18 November 2012

Family Oral History – It's not always a pretty picture.


Blog Carnival – "The Ancestors Told; the Elders Listened; We Pass It On"

As stated on the LowCountry Africana website, In honor of StoryCorps' National Day of Listening, the Preservinators (Angela Walton-Raji, George Geder and LowCountry Africana) have reunited to bring you "The Ancestors Told; the Elders Listened; We Pass It On," a blog carnival that's all about oral history. I am extremely excited to participate in this event.

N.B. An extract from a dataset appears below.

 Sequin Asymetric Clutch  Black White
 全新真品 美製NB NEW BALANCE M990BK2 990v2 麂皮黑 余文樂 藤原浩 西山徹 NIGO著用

Family Oral History – It's not always a pretty picture

Senomia Middlebrooks (1898-1994) was my great aunt. Her mother was Sudie Parks and her father was Alex Middlebrooks. Her grandmother was Malinda Guise who I wrote about in Finding Malinda – Part 1 (click here if you missed that post). I grew up knowing my aunt Nomie, as we called her, and visited her many times. As a cousin said "She was the matriarch of our family." Never once did I think to ask her about our family history and what it was like growing up in Meriwether County. It would be years after her death before the genealogy bug would bite me and I would crave for knowledge of my family history.  A missed opportunity for sure, and I can only imagine the stories she had to tell. Little did I know Nomie had already added a chapter to our Middlebrooks family oral history.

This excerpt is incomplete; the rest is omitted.